So, let's say my system is currently backed by MySQL or PostgreSQL, and that is not fungible. How would one move that data into RAM, including writes? And, how would one maintain some level of safety in the event of a crash? i.e. I don't really care if I lose X amount of time worth of data (say, five minutes), but I do care that when I reboot the system, the database comes back from disk into RAM in a consistent state.
Is there some off-the-shelf solution to this problem? And, if so, why isn't it talked about more? Every CMS ever, for example, would be very well-served by something like this. My entire website's database, all ~100k comments and pages and issues and all 60k users, is only 1.4GB, and performance is always a problem. I don't care if I lose a couple minutes worth of comments in the event of a system reboot or crash. So, why can't I just turn that feature (in-memory with eventual on-disk consistency, or whatever you'd want to call it) on and forget about it?
If you are using PostgreSQL, your data is operating in RAM if your data is small enough to fit. The write-ahead log gets a sequential copy of writes that are immediately moved to disk but the rest is lazily applied in the background.
Given a halfway competent I/O scheduler and some cheap SSDs, you can continuously write new data to disk at network wire speed even at 10 GbE while operating on the data in RAM and saturating outbound network. There is no slowdown at all. Even for databases that do not implement a good I/O scheduler (like PostgreSQL unfortunately) your workload is sufficiently trivial that backing it with SSD should have no performance impact.
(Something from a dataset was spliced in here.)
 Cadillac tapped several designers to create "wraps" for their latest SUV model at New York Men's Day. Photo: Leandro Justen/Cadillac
If you are having a performance problem with 1.4GB CMS, it is an architecture problem, not a database problem.
Postgres's default settings are pretty bad. You'll want to increase shared_buffers to somewhere between 25%-40% of your available system RAM (if you're using 9.2 or earlier, you'll probably need to update SHMMAX using sysctl) instead of the default 128MB.
For the thing you described, you probably also want synchronous_commit=off. That means you might lose some commits in the case of a crash, but you won't get data corruption from it, and writes will be much faster.
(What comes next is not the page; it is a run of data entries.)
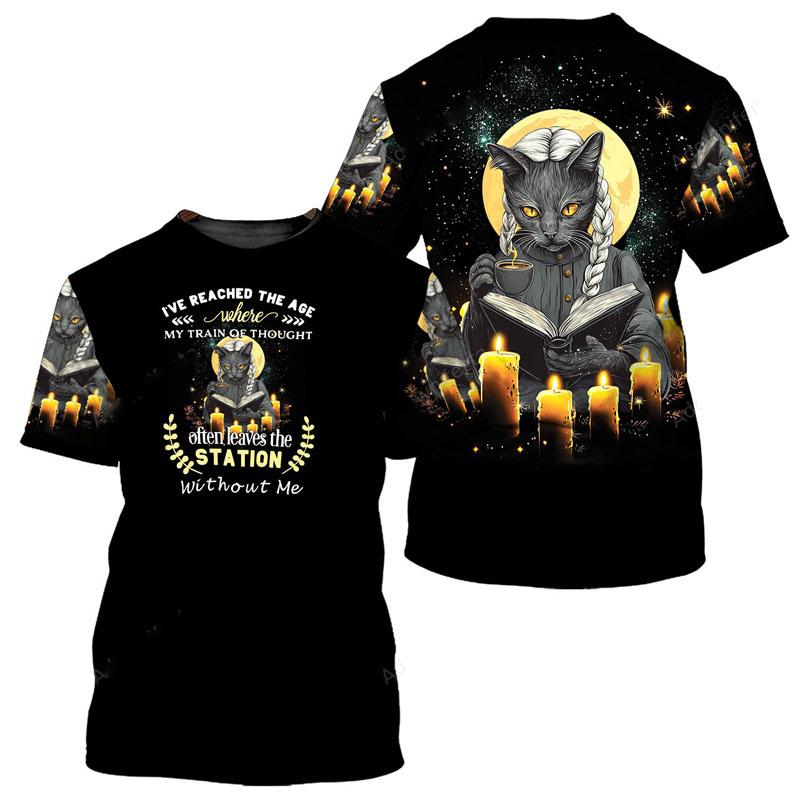 Футболка с милым домашним котом и 3D-принтом, унисекс, повседневная, смешная, повседневная, с коротким рукавом, красочный ретро-узор, модная футболка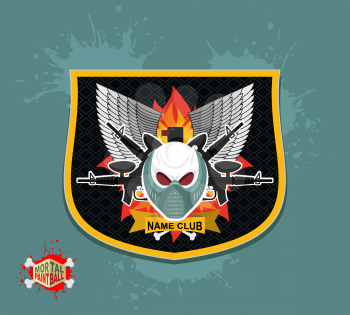skull in paintball  mask, paintball guns. Wings, arms and flame. Emblem  paintball club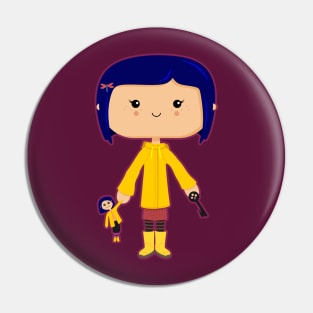 Button-Eyed Girl Pin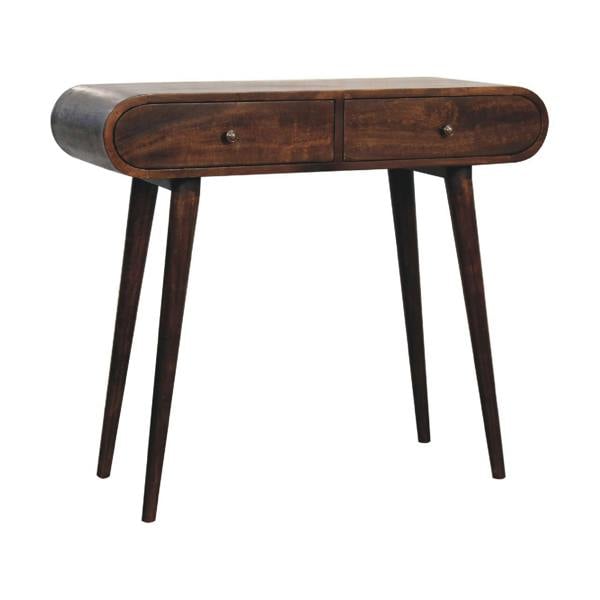 Artisan Furniture Light Walnut Curved Edge Console Table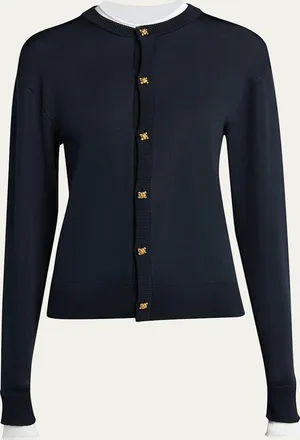Bottega Veneta Silk Double Knit Crewneck Cardigan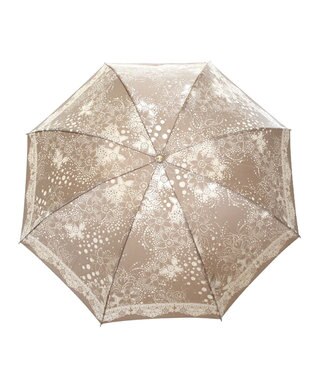 槇田商店 Kirie ドットフラワー モカブラウン 折りたたみ傘 中茶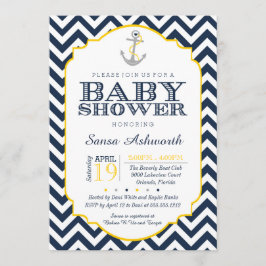 Invitation Baby shower nautique, jaune Chevron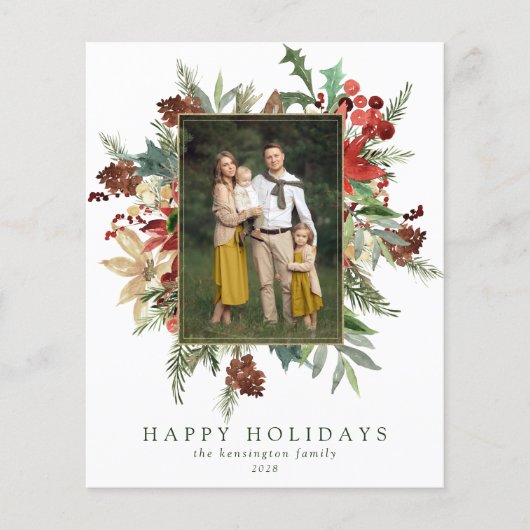 Budget Floral Happy Holidays Weihnachtsfotokarte (Vorderseite)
If performance is a problem with a 1.4GB database, your system is either extremely low end, or you have some seriously un-optimised queries or database architecture and/or should take a long hard look at what caching you are not doing that you should be (including in the form of materialised views)
It simply is not your overall disk IO capacity that is the performance problem with a dataset that small. At least not for a CMS.
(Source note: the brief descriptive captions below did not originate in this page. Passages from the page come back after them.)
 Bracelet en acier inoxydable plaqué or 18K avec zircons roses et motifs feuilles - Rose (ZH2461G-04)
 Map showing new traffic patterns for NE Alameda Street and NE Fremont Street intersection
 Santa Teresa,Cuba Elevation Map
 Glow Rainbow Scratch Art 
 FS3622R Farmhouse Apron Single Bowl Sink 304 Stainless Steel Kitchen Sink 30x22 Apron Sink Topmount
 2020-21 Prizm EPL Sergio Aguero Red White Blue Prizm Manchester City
So, my question wasn't about whether the system in question is shitty. I know that it's shitty. I also know that the CMS has less than optimal queries. That was also not my question.
"It simply is not your overall disk IO capacity that is the performance problem with a dataset that small."
But, it clearly, and measurably is; there's nothing to argue about there. That which comes from RAM (reads) is fast, that which waits on disk (writes) is slow. Writes take several seconds to complete, thus users wait several seconds for their comments and posts to save before being able to continue reading. That sucks, and is stupid and pointless, especially since it's not even all that important that we avoid data loss. A minute of data loss averages out to close enough to zero actual data loss, since crashes are so rare.
How many new comments are you seeing per second? How many MB/s can the hardware actually write? How any MB/s of new comments are you actually getting?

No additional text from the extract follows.